*INPUT DATA*.
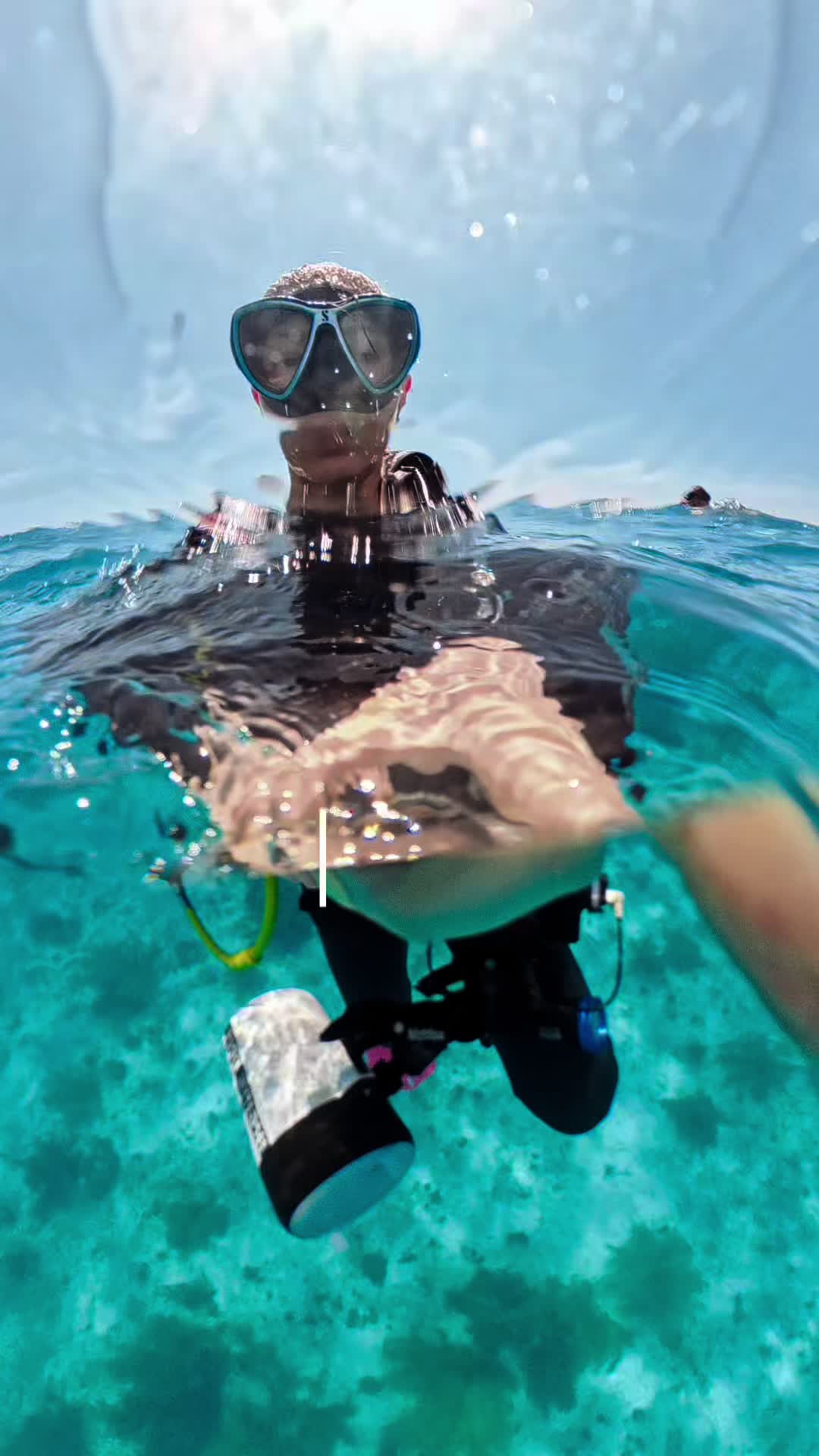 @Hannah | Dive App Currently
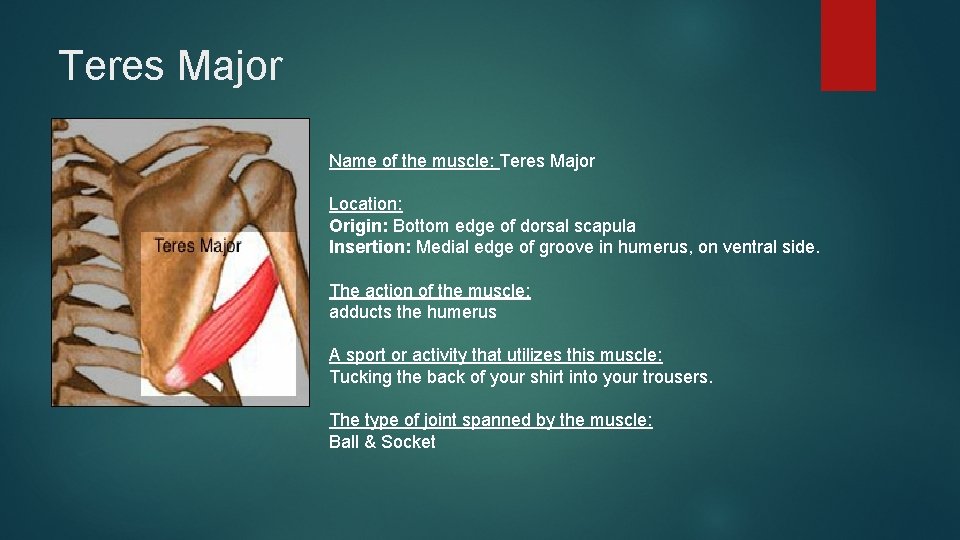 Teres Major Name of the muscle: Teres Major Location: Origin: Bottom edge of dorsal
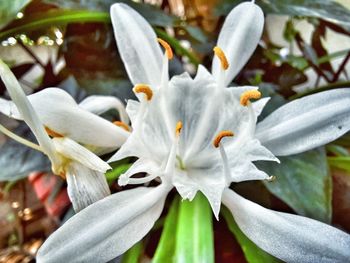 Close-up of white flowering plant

*YOUR OBJECTIVE*. Pictures are to be left out; the listing above is otherwise to be copied exactly.

*EXPECTED ANSWER*.
 @Hannah | Dive App Currently
 Teres Major Name of the muscle: Teres Major Location: Origin: Bottom edge of dorsal
 Close-up of white flowering plant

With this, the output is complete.